IBM’s Chinese Smart Grid Ambitions  

Posted by Big Gav in ,

Earth2Tech has an article on IBM's involvement in Chinese smart grid initiatives - IBM’s Chinese Smart Grid Ambitions.

When Forbes reported in November that IBM was launching a major utility and energy research lab in China and planned up to nine big smart grid projects in the country, it came as little surprise to many. After all, China is going to be spending much more than the U.S. or Europe on building out its grid to meet its massive population’s growing energy needs — a fact that’s drawn other grid giants like General Electric, ABB and Siemens into the country as well. IBM has already said that it expects to generate $400 million in smart grid revenues in China over the next four years. What’s it planning to do to earn the money?

On Thursday, IBM drew back the curtain a bit on its Energy & Utilities Solutions Lab, including details of various pilot projects underway with China’s massive government-owned utility, State Grid Corporation of China and other partners. Those projects range from managing the flow of power from nuclear plants and massive wind farms to transmission and distribution grids — similar to the work IBM does for utilities in the U.S. and in Europe — to some smart grid realms where IBM has made less of a splash, such as managing energy efficiency down at the consumer level, including electric vehicles.

“We’ve expanded from smart grid, to look at the energy value chain, from the supply source all the way down to the consumer source,” is how Bradley Gammons, IBM’s vice president of energy and utilities sales and distribution, put it to us in a phone interview from Beijing.

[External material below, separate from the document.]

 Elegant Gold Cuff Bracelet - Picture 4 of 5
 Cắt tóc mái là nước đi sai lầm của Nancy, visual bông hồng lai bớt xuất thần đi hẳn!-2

In particular Gammons said that IBM has been looking more closely at the consumer and the role the consumer will play as a dispatchable demand response resource as they adopt electric vehicles. China is expected to see half the world’s installations of electric vehicle chargers over the coming years, according to Pike Research.

Smart grid industry watchers will no doubt be keeping an eye on which Chinese smart grid companies IBM chooses to partners with. The Chinese government requires that its wind power projects have at least 70 percent made-in-China components, and observers have noted that State Grid and other massive government-owned utilities will be making similar pushes to help domestic companies get a piece of the smart grid pie.

Gammons noted that State Grid has already announced technology standards for manufacturers who want to build some of the 170 million smart meters it wants to deploy over the coming years. While U.S. smart meter makers including Itron and Echelon are eying that market, major Chinese meter makers such as Jiangsu Linyang Electronics, Ningbo Sanxing Technology and Wasion Group will no doubt be contenders as well.

On the other hand, some industry observers have noted that giants like IBM, GE, Siemens, Cisco and Hewlett Packard may have a leg up on the Chinese competition when it comes to cutting-edge smart grid technologies — particularly in the “system of systems” integration projects that IBM specializes in.